D de Dor, grafite sobre papel sobre uma velha Underwood.
Talvez pudéssemos escrever nossas biografias contando a história de nossas dores. A história impossível de ser contada, como a história dos sonhos, como a história dos sentimentos e afetos. A história da dor poderia ser confundida com a história psicológica das mágoas. Ou com a grande história dos ressentimentos que não deixamos de escrever todos os dias. A dor é física e sobre ela teríamos tanto a dizer, mas a dor é inexprimível e não podemos com ela.
A imagem da dor não expressa a dor. E, no entanto, conseguimos dizer “que dor” diante de muitos fatos. Hoje em dia a lista é infinita e fatos como chacinas, linchamentos, são a própria dor. Quem esquecerá as mãos de Gisele decepadas? O que dizer do homem que as decepou? A dor não acaba porque não se pode dizâ-la. Nem começa nesse indizível.
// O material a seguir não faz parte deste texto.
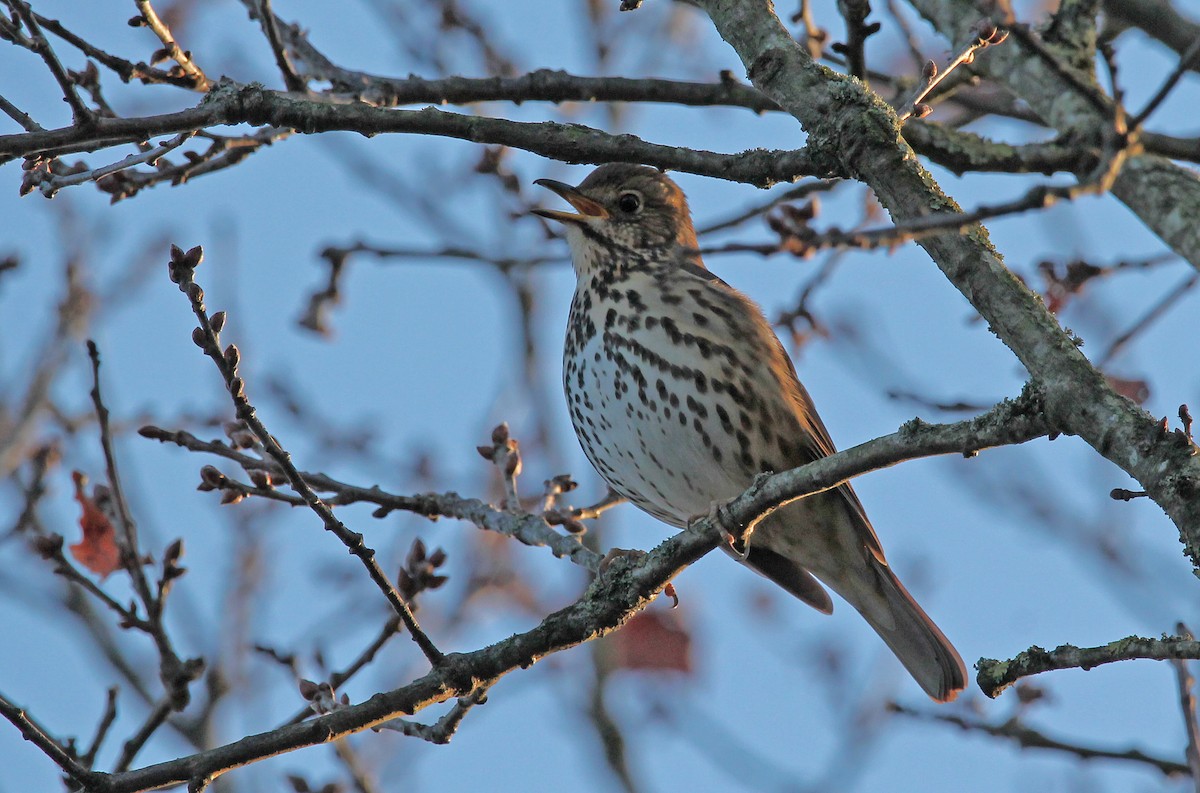 Song Thrush - ML535365821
A dor extrema e o extremo do horror que a provoca confluem no horror de não poder dizer a dor. Um horror histórico, social, econômico, racial, patriarcal faz parte de toda dor. Há um apagamento do outro que faz nascer a dor.
Por isso, não se pode escrever sobre a dor para tentar entendê-la ou explicá-la. Só o que podemos em relação à dor é não provocá-la e tentar amenizá-la quando impedi-la foi impossível.
A dor é uma passagem do físico ao simbólico que não deixa espaço para que nada seja dito. A verdade da dor é o horror do mutismo. Mas não podemos nos conformar com ele.
E, no entanto, na miséria da expressão na base de toda expressão, a dor aparece por meio de um grito. O grito instantâneo na hora da dor. O grito que assinala sem dizer. Há dores que não acabam no tempo do grito. A dor sempre foi apavorante e, justamente por isso, questão estética com a qual filósofos se preocuparam de vez em quando. No século 18, vários filósofos escreveram sobre a necessidade de representar a dor. perguntavam qual seria o papel da arte, das tragédias gregas ou modernas. A representação da dor já era problema dos filósofos muito antes daquela época, desde os gregos antigos, na Poética de Aristóteles, por exemplo. Hoje, questiona-se se podemos fotografar a dor dos outros, se as cenas trágicas que vemos na televisão podem ser mostradas sem mais nem menos. Certo é que transformar a dor em mercadoria, seja na arte, seja na televisão, não parece algo justo, porque o sofrimento que está na dor das pessoas é um dado de negatividade que não poderia ser usado como uma coisa positiva. A dor que pertence a cada um é sagrada. Não pode ser profanada na forma de mercadoria. E no entanto, é a todo momento. Mas quem respeitaria a dor do outro até esse ponto radical de esquecer de seus fins mais egoístas?
Cada um conhece a medida de sua dor e ninguém mais. Fácil banalizar ou brincar com a dor dos outros. Schopenhauer falava da compaixão como a capacidade de sentir a dor do outro. Cristão, por sua vez, seria um seguidor de Cristo, alguém que imitasse Cristo que, de braços abertos, encarou a dor, assim como o outro (o próximo e o desconhecido), até a morte.
Na nossa época há poucos cristãos no sentido de estar, como Cristo, de braços abertos ao outro, braços abertos de compaixão. A dor que está na base da religião cristã é apagada todos os dias por muitos cristãos que se entregam à religião como delírio ou grife sem pensar no seu fundo afetivo que é a compaixão.
Nesse contexto, cristão ou não, pensar na dor de si mesmo e na dor dos outros é um desafio para um tempo anestesiado.